The “unique” pro-Europe and pro-union position taken by the Liberal Democrats will pay dividends for the party at the upcoming council elections, Scottish party leader Willie Rennie said on a visit to Aberdeen yesterday.
In a local government campaign that will be driven by constitutional issues as much as potholes and street lighting, Mr Rennie said that the shift in opinions “will help the party grow” on May 4.
The north-east Fife MSP arrived to meet Aberdeen candidates on the day the party launched their manifesto pledging their backing for a federal UK and proposing a referendum on the terms of the Brexit deal.
The party has suffered large set backs in the north-east in the past ten years – previously being the largest group with 15 councillors in Aberdeen after the 2007 vote.
This tumbled to just five in 2012 with voters punishing the party for entering the coalition government in Westminster.
But Mr Rennie said yesterday that attitudes had shifted since the 2014 independence referendum and that infrastructure and funding issues for the north-east would be at the heart of their campaign.

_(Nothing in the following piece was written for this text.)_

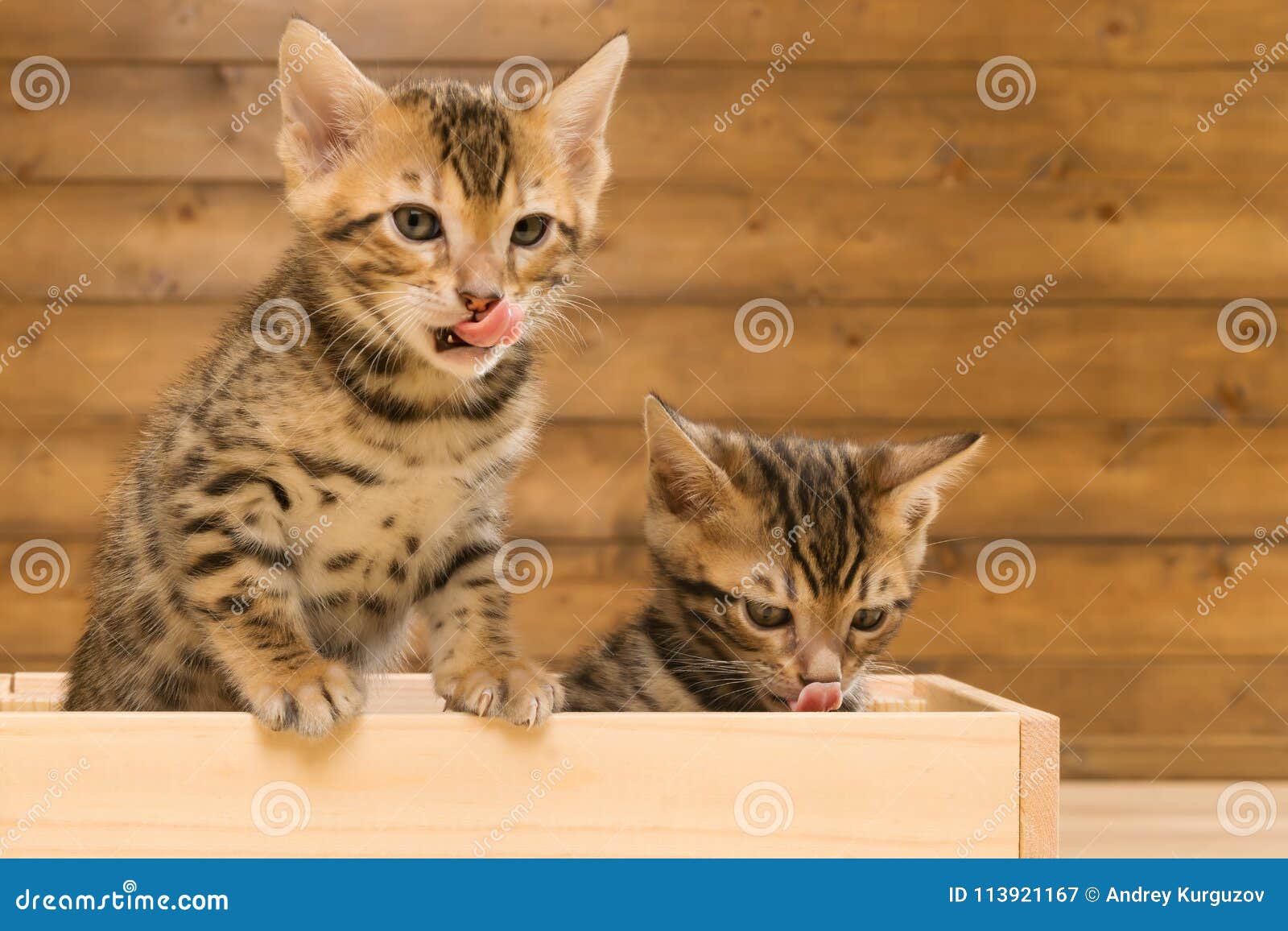 Two Small Bengal Cats Look Out Of The Box Stock Image ...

He said: “The SNP want to present themselves as in favour of working partnership with others only when it applies to Europe and the Tories say they’re in favour of working with others but only as it applies to the United Kingdom.
“So we’re consistent, we want to work with others right across the United Kingdom and Europe. We’ve got a unique position.

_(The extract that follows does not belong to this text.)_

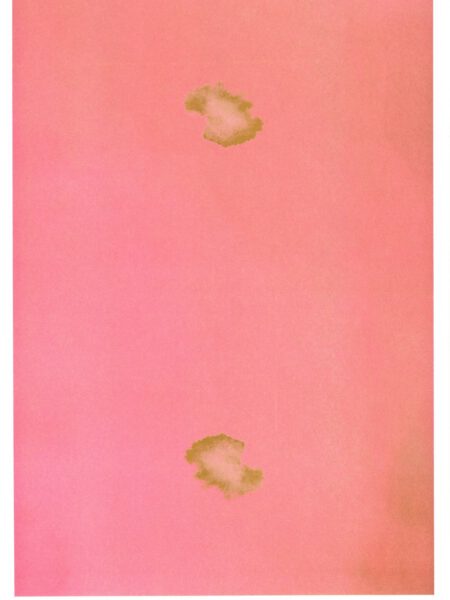 Poster "Wall of Fame" - Atelier oasp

“And that combined with the fact that our councilors have a good solid track record, and our candidates too, of campaigning all year round and not just at election time.
“The general perception among the SNP in the central belt is that this is an oil-rich part of the country and it doesn’t need any extra support.
“But it has been taken for granted for far too long, we’ve not had the investment in infrastructure we need…
“When you think of the amount of wealth that this region has brought to Scotland and the return that it has had- it falls far short of what is required.”
When quizzed about the SNP and Greens putting local issues at the heart of their campaigns, Mr Rennie said: “There is no good for the SNP and Greens to be complaining now that independence might be dominating this campaign when it was them that put us in the position.”